--- Information provided ---
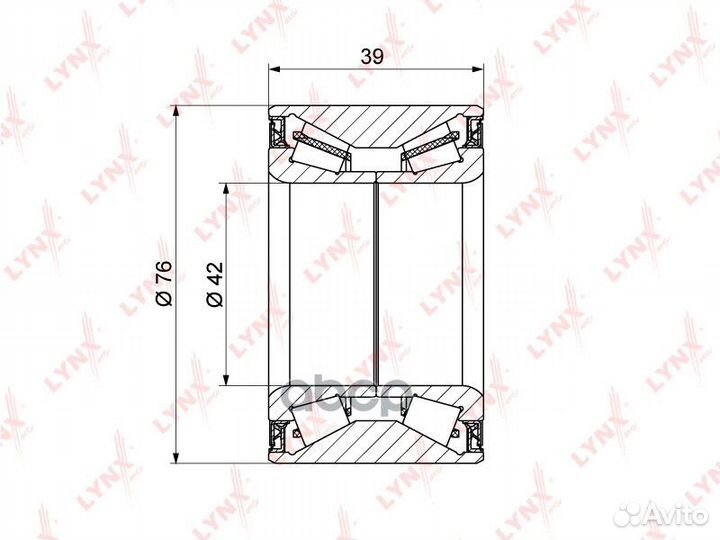 Подшипник ступицы задний (39x42x76) hyundai San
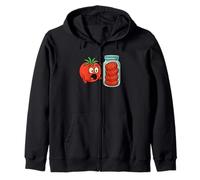 Funny Cartoon Tomato Shocked by Sliced Jar of Tomatoes Zip Hoodie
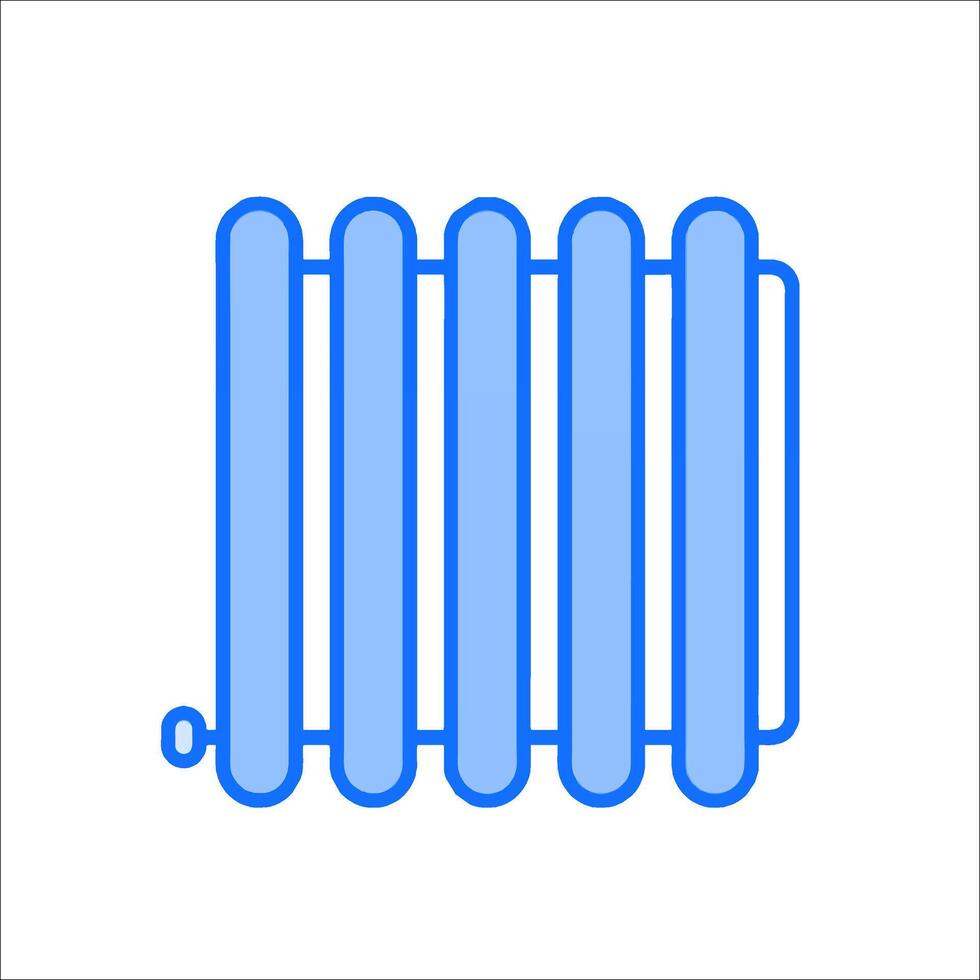 A blue line drawing of a radiator vector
---
> _Task brief_
Everything from the line containing "Funny Cartoon Tomato" to the last line of the listing above must be reproduced exactly, with no pictures included.

> _Answer for the task_
 Funny Cartoon Tomato Shocked by Sliced Jar of Tomatoes Zip Hoodie
 A blue line drawing of a radiator vector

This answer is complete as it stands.